DATA EXTRACT ->

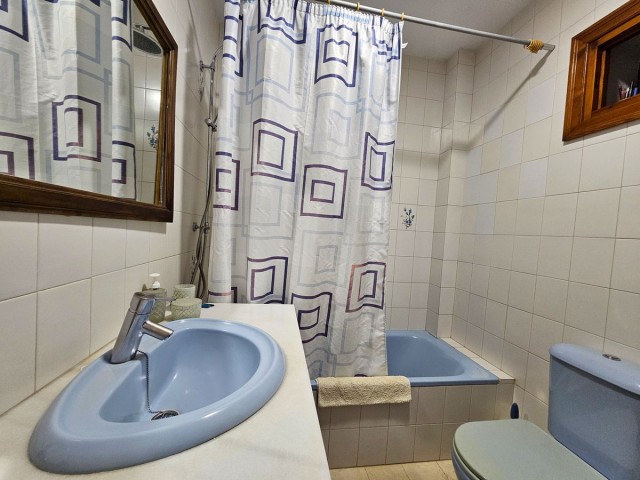 Maison mitoyenne avec 3 Chambres  à Benahavís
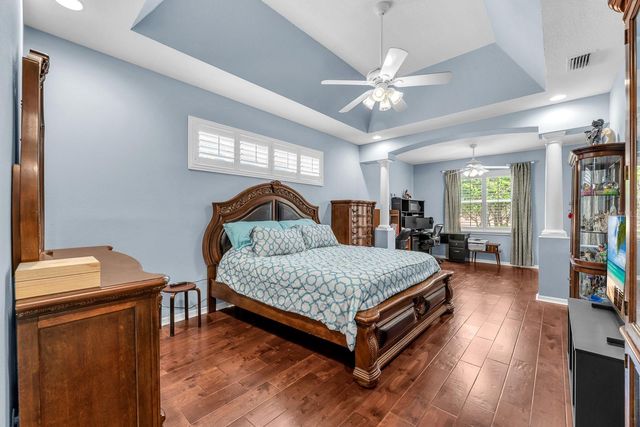 2817 DURANT TRAILS BOULEVARD, Dover, FL 33527
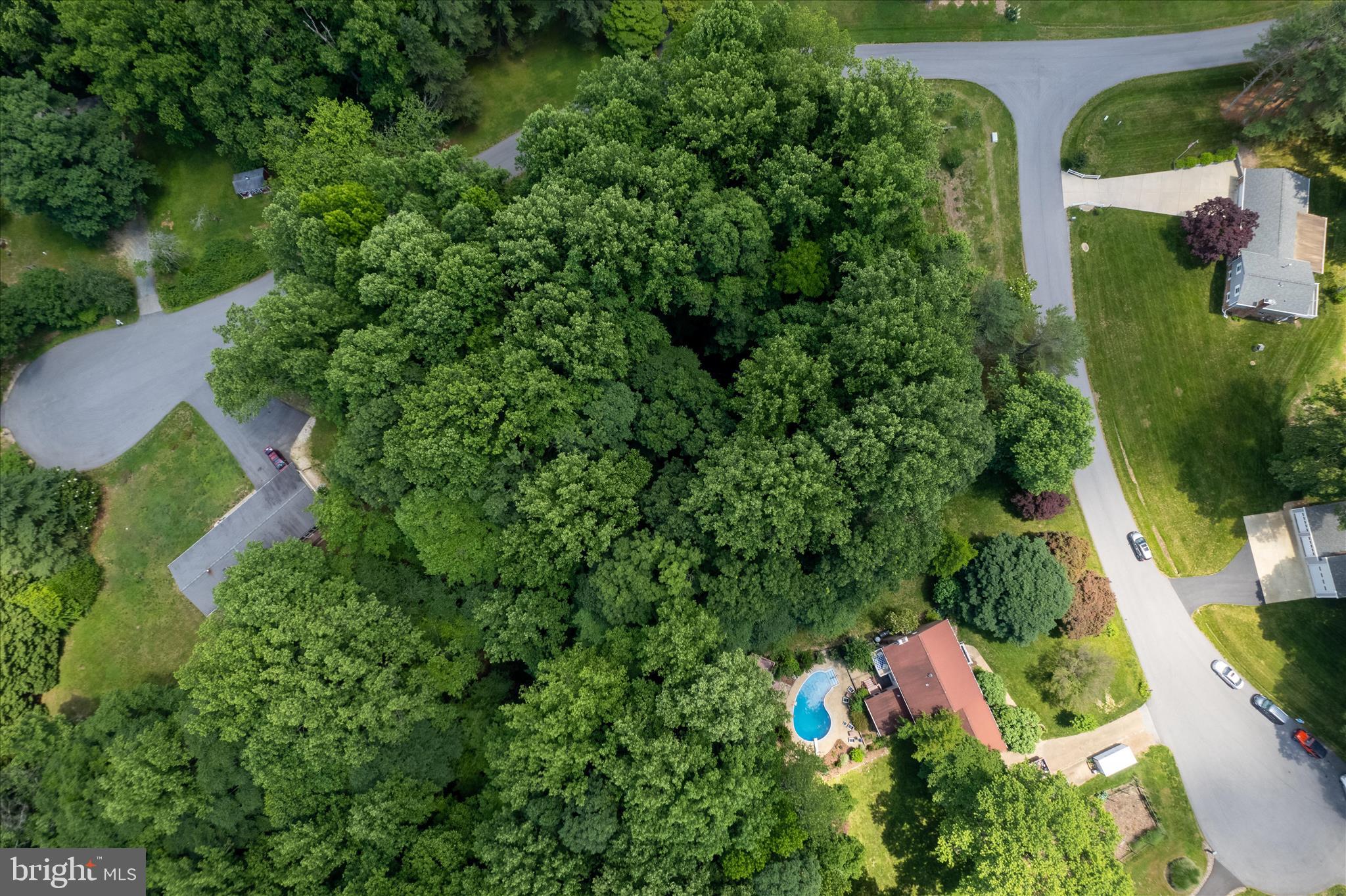 THE MEADOWS - Residential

WHAT IS NEEDED -> Return the listing above unaltered, omitting its pictures.

ANSWER FOR THIS EXERCISE ->
 Maison mitoyenne avec 3 Chambres  à Benahavís
 2817 DURANT TRAILS BOULEVARD, Dover, FL 33527
 THE MEADOWS - Residential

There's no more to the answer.